Such has been the case in the three weeks since the death of Marcos Morillon. Even now, writing those last five words feels awkward and painful. And wrong. Just wrong.

There are people in all of our lives who seem invincible. Who radiate life and love, and we assume no being so filled with both could succumb to anything less than a ripe old age. When one of them is taken too soon, our world is turned upside down, as so many in Artesia experienced upon Marcos’ passing.

I don’t need to tell you what sort of person Marcos was. The adjectives come easily to all who encountered him: genuine, kind, compassionate, selfless, strong. For as long as I knew him, I never heard a cross or even indifferent word spoken about him. That in itself is rare.

Instead, I need to tell you how hard the guy made me laugh. From post-game epiphanies about his episodes of intensity on the basketball sidelines (“Oh, man, I think I accidentally went nuts out there… were words coming out?”), to the sight of him heading off a rogue lawnmower during a cross country race from atop his trusty four-wheeler, to my first interview with him as coach and reporter.

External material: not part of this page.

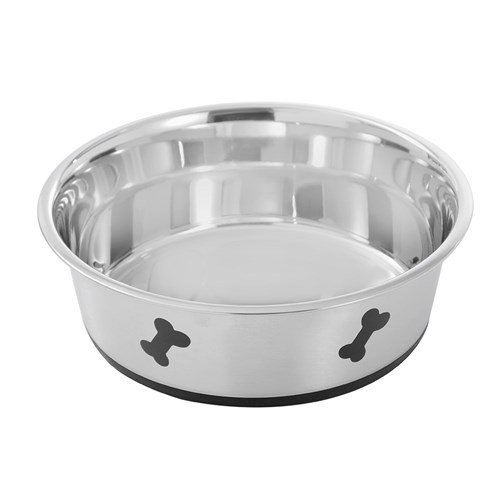 S/STEEL ANTI-SLIP BOWL 2.6L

Halfway through that phone conversation, the noise from his Spanish classroom steadily increasing in volume despite his intermittent shushing, he paused mid-sentence – “Hang on one second… (his voice became slightly muffled) I’m about to open up a can in this class!! You hear me? Open up una lata in el aula!” – then picked up exactly where he’d left off.

Tongue-in-cheek discipline aside, I also need to tell you how much he enjoyed being a teacher and mentor. The sight of him running alongside his cross country teams or pacing his track athletes around the infield of Bulldog Bowl, shouting words of encouragement, were well known. Anyone who wondered at the number of students willing to compete in sports as physically demanding as cross country and distance running in the often brutal Southeast New Mexico heat didn’t wonder for long; he was a master motivator, and his inspiration left the recipient willing to give everything they had and more to make him proud.

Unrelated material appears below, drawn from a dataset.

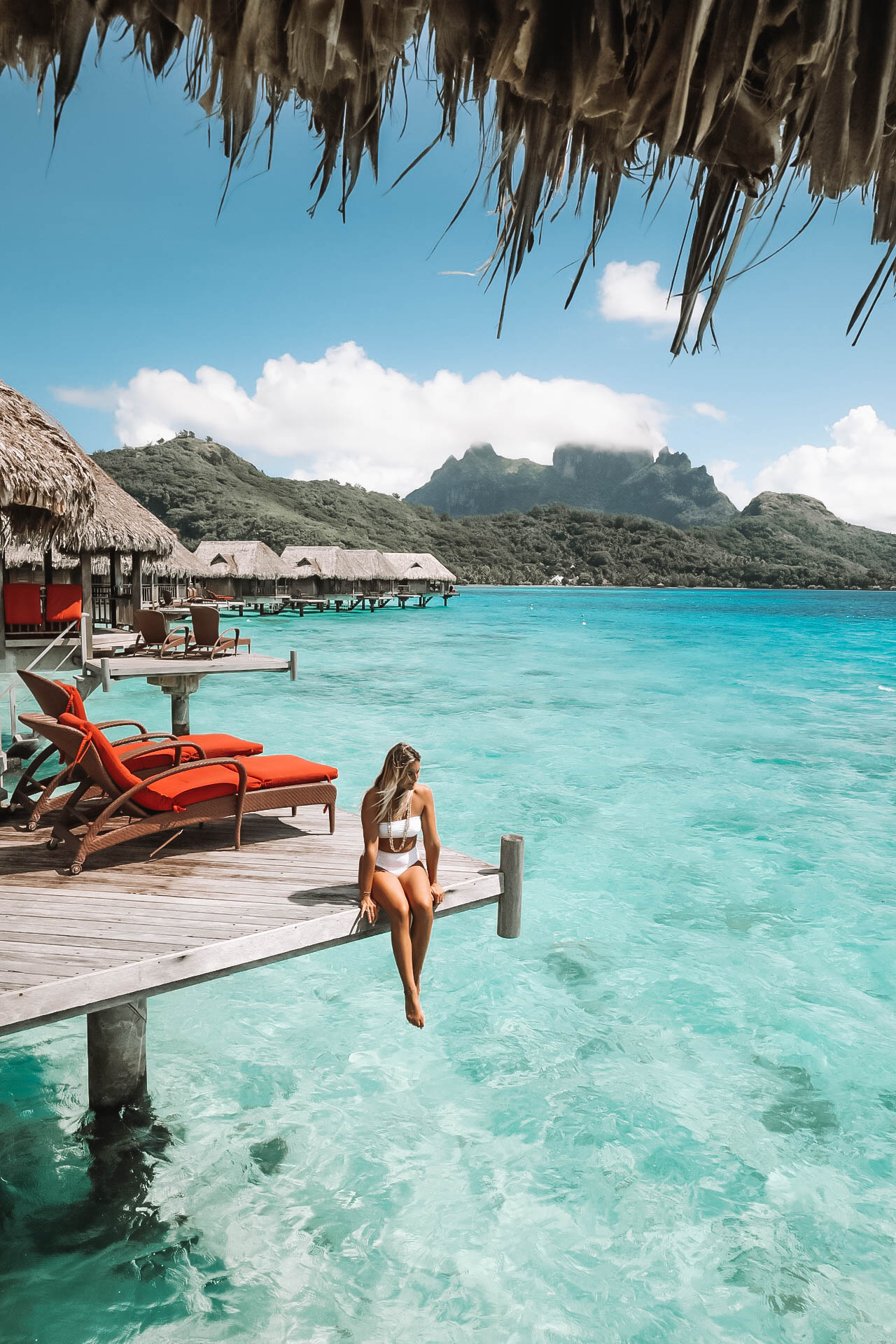 Sofitel Bora Bora - Blondie Baby blog voyages et mode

And he was. When extolling his athletes’ efforts, work ethic and perseverance, he sounded like a delighted child. “That’s the best part of being a coach,” he would often say. “Seeing them realize that hard work pays off.”

My interviews with Marcos on Saturday afternoons were rarely less than a half-hour long, and that wasn’t counting friendly conversation. He had something to say about each individual runner on his teams, including those on junior varsity. As such, cross country articles in the Daily Press were typically quite long – long enough to prompt a colleague from out of town to once remark, “Wow, that’s the longest cross country article I’ve ever seen. You need to trim the coach’s comments down; who’s going to read that?”

The answer was, of course, the cross country runners. And even if no one else in town opted to dive into that sea of words, there was no way on Earth I was editing Marcos. Those articles were messages from him to his athletes, saying “I care about you, I appreciate your hard work, and I want everyone to know it.”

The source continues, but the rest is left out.